View mode: basic / threaded / horizontal-split · Log in · Help
September 30, 2009
Re: Null references redux
Wed, 30 Sep 2009 12:05:29 -0400, Jeremie Pelletier thusly wrote:

> Don wrote:
>> Greater risks come from using more complicated algorithms. Brute-force
>> algorithms are always the easiest ones to get right <g>.
> 
> I'm not sure I agree with that. Those algorithms are pretty isolated and
> really easy to write unittests for so I don't see where the risk is when
> writing more complex algorithms, it's obviously harder, but not riskier.

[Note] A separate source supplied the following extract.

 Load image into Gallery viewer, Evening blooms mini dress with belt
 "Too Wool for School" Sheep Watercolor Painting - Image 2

Do you recommend writing larger algorithms like a hard real-time 
distributed (let's say e.g. for 100+ processes/nodes) garbage collector 
or even larger stuff like btrfs or ntfs file system drivers in assembly? 
Don't you care about portability? Of course it would be nice to provide 
optimal solution for each platform and for each use case, but 
unfortunately the TCO thinking managers do not often agree.
September 30, 2009
Re: Null references redux + Cyclone
Saaa wrote:
> Andrei Alexandrescu wrote
>> I wonder whether this would be a good topic for TDPL. Currently I'm 
>> thinking it's too low-level. I do plan to insert a short section about 
>> implementation, just not go deep inside the object model.
>>
>> Andrei
> 
> I'd really love to see more about implementations as it makes me twitch
> to use something I don't really know the impact of.
> 
> As for using diagrams and other visual presentations:
> Please use them as much as possible;
> e.g. Pointers without arrows is like a film without moving pictures :)

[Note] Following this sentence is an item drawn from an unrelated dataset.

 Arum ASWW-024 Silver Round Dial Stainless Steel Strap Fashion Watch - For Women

I do have the clasic arrow drawings that illustrate how reference 
semantics works, but by and large I'm not talented with drawing. If 
anyone in this group has such an inclination and would want to 
collaborate with me on the book, let me know. Send me your portfolio :o).

Andrei
September 30, 2009
Re: Null references redux
language_fan wrote:
> Wed, 30 Sep 2009 12:05:29 -0400, Jeremie Pelletier thusly wrote:
> 
>> Don wrote:
>>> Greater risks come from using more complicated algorithms. Brute-force
>>> algorithms are always the easiest ones to get right <g>.
>> I'm not sure I agree with that. Those algorithms are pretty isolated and
>> really easy to write unittests for so I don't see where the risk is when
>> writing more complex algorithms, it's obviously harder, but not riskier.
> 
> Do you recommend writing larger algorithms like a hard real-time 
> distributed (let's say e.g. for 100+ processes/nodes) garbage collector 
> or even larger stuff like btrfs or ntfs file system drivers in assembly? 
> Don't you care about portability? Of course it would be nice to provide 
> optimal solution for each platform and for each use case, but 
> unfortunately the TCO thinking managers do not often agree.

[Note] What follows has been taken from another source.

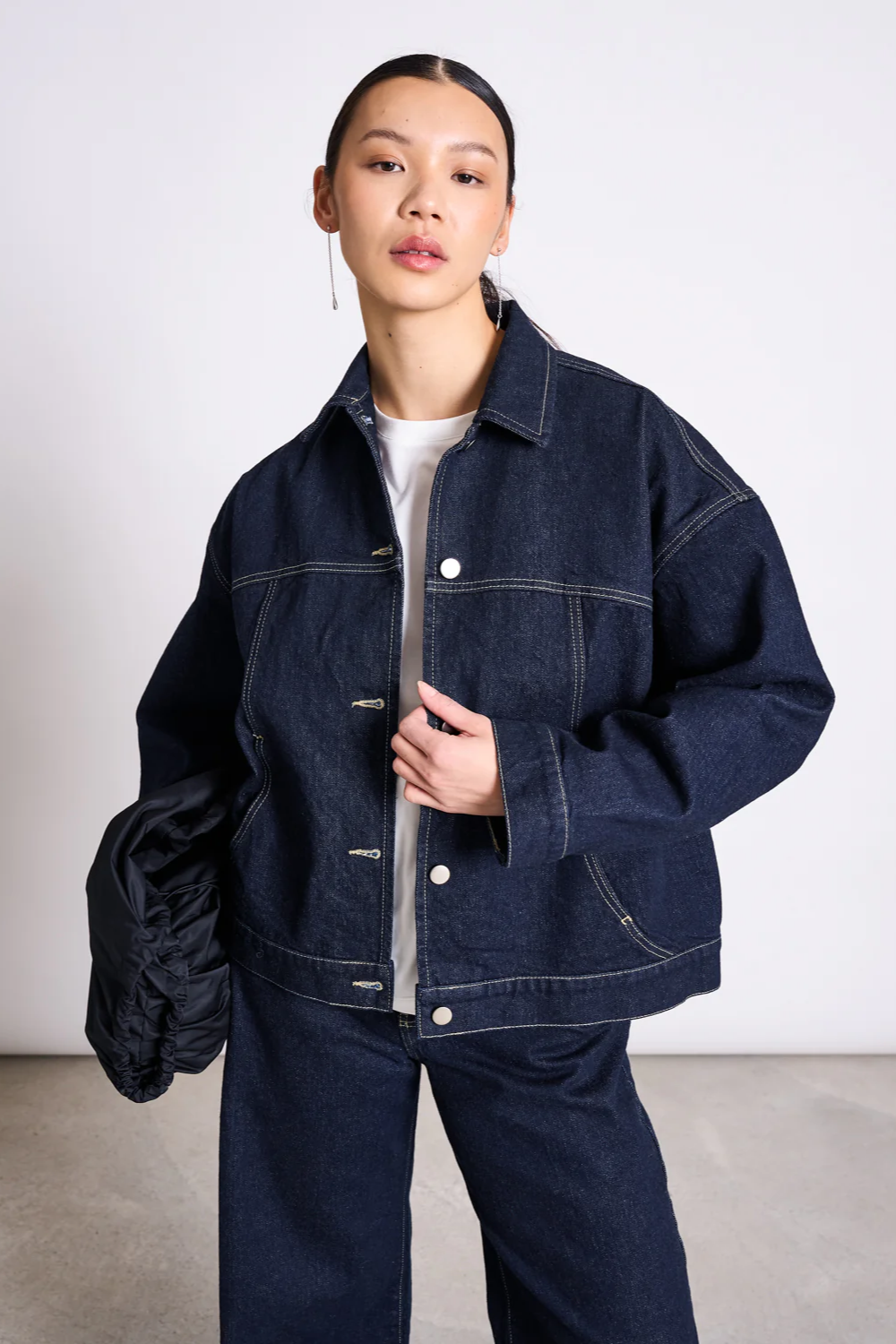 Image of JAN 'N JUNE dames vegan Jas Denim Vilme Donkerblauw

Why does everyone associate complexity with assembly? You can write a 
more complex algorithm in the same language as the original one and get 
quite a good performance boost (ie binary search vs walking an array). 
Assembly is only useful to optimize when you found the optimal algorithm 
and want to lower its overhead a step further.

I don't recommend any language anyways, the base algorithm is often 
independent of its implementation language, be it implemented in C#, D 
or assembly its gonna do the same thing at different performance levels.

For example a simple binary search is already faster in D than in say 
JavaScript, but its even faster in assembly than in D, that doesn't make 
your entire program harder to code, nor does it change the logic.
September 30, 2009
Re: Null references redux
On 2009-09-30 15:30:02 -0400, "Denis Koroskin" <2korden@gmail.com> said:

> Note that C stdlib (and other libraries/bindings) will need to be 
> updated  to reflect changes, e.g.
> 
> extern(C) void*? malloc(size_t size); // may return null!
> 
> which is great because it will provide additional safety. I've seen 
> quite  a lot of code that don't test returned value against null (which 
> is a  mistake, I believe).

Which makes me think of this: pointers being non-nullable by default 
will make it easy to make mistakes when writing C bindings. A 
programmer might see this C declaration:

	void* malloc(size_t size);

and naively translate it to D like this:

	extern(C) void* malloc(size_t size);

without noticing the change in semantics.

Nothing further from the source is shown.